Jim Flanery’s team has done big things the past two seasons, can they make a historic leap for the program this coming winter?

NCAA Womens Basketball: Big East Conference Tournament Quarterfinals-Creighton vs Seton Hall
Lauren Jensen and the Bluejays have a chance to make program history this season.
David Butler II-USA TODAY Sports

Team: Creighton Bluejays

2022-23 Record: 22-9, 15-5 Big East

2022-23 Big East Finish: Third, two games behind Villanova and two games ahead of a tie for fourth place.

Final 2022-23 Her Hoop Stats Ranking: #23

Postseason? The Bluejays lost to Villanova in the conference tournament semifinals, earned a #6 seed in the NCAA tournament, but were then upset by #11 seed Mississippi State, 81-66, in the first round.

Key Departures: Two, but only one regular starter. Rachael Saunders played in 25 games this past season, starting 24 times. She averaged 7.0 points, 3.4 rebounds, 2.5 assists, and 1.3 steals per game, leading the team in that last category while playing just a bit over 25 minutes a night. Saunders also led the team in three point shooting percentage by a wide margin, knocking down over 47% of her attempts when no one else on the roster was north of 39%. Weirdly, it was only on 1.5 attempts per game, but it’s clear that her prowess helped push Creighton to ranking #24 in the country in three-point shooting percentage.

The other departure that we have to note is Carly Bachelor, who had her role on the team change last season. After starting in all 33 appearances in 2021-22, Bachelor played in all 31 games but started just eight times. Interestingly, her minutes per game went ever so slightly up, going from 20.3 to 21.8 last season. As you’d expect, her stats portray her as someone playing a role off the bench for the squad: 5.7 points, 4.4 rebounds, 1.0 assists, 36% from long range.

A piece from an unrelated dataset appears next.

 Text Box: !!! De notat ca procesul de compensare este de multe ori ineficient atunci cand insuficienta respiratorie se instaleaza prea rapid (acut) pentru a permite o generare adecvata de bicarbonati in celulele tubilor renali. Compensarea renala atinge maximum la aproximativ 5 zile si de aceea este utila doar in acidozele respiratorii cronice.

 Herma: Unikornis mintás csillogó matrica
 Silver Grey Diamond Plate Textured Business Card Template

Key Returners: Other than Saunders and Bachelor, if there’s a Creighton player that you remember from last season, they’re coming back. Lauren Jensen, Emma Ronsiek, and Morgan Maly all scored at least 14 points per game for the Bluejays in 2022-23, and they’ll all be back again after starting in every CU game. Jensen was the top scorer on the team at 16.1 per game and she tied for the lead in assists at 3.5 a night as well, while Maly was the top rebounder at 6.2 per game. Ronsiek came into the season as the most notable player on the roster, but either because she was drawing attention or just because sometimes things go like that, she found herself more part of an ensemble: #3 in scoring, #2 in rebounding, #3 in assists.

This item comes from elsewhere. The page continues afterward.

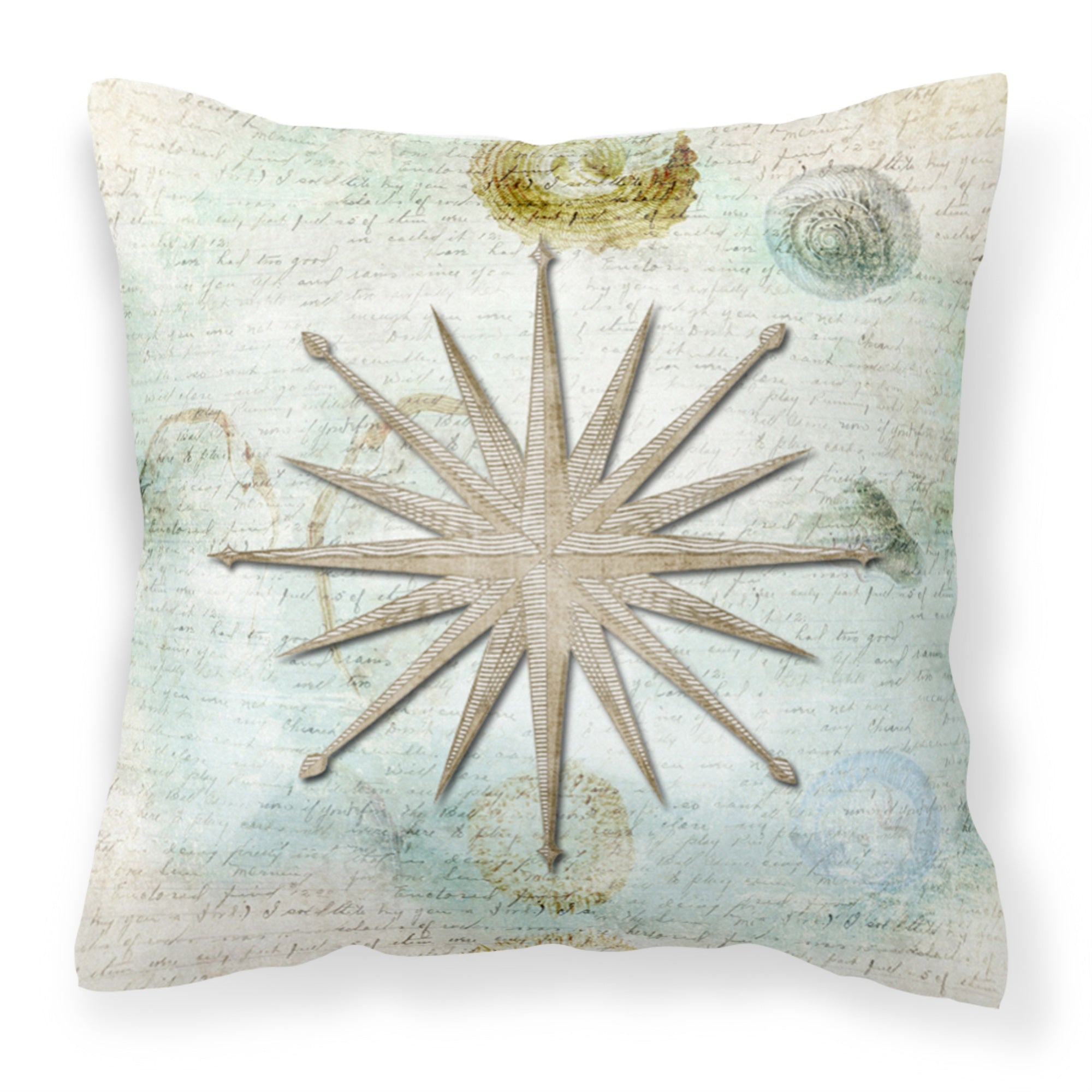 'Caroline'S Treasures Sb3024Pw1414 Shells Navigation Star Canvas Fabric Decorative Pillow, Large, Multicolor'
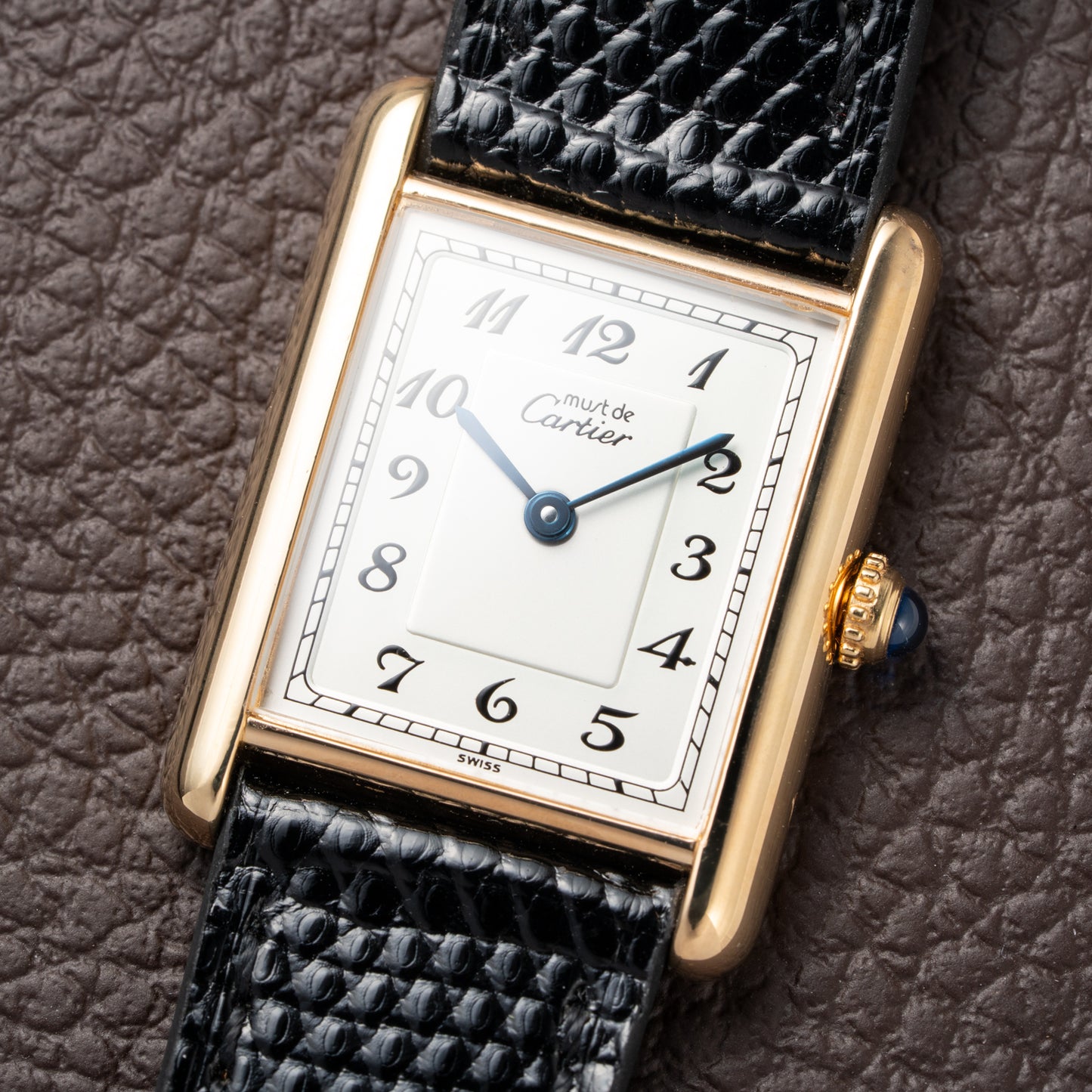 Cartier Tank Must de Rare Breguet Numerals Dial Vermeil Ref 590005 From 1990s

Molly Mogensen was the player who tied with Jensen for the team lead in assists, falling even at 3.5 per game along with 7.0 points, 4.0 rebounds, and a steal. She was the last part of the core six in Creighton’s rotation, but that’s just the players that were carrying the bulk of the minutes. The Bluejays went much deeper than that pretty much every night, with four more players appearing in at least 27 games and averaging at least eight minutes a night. All four of that group — Mallory Brake, Jayme Horan, Kiani Lockett, and Kennedy Townsend — return for Creighton, and you’d have to imagine that two of them will end up finding a way into the Saunders and Bachelor spots in the rotation this winter.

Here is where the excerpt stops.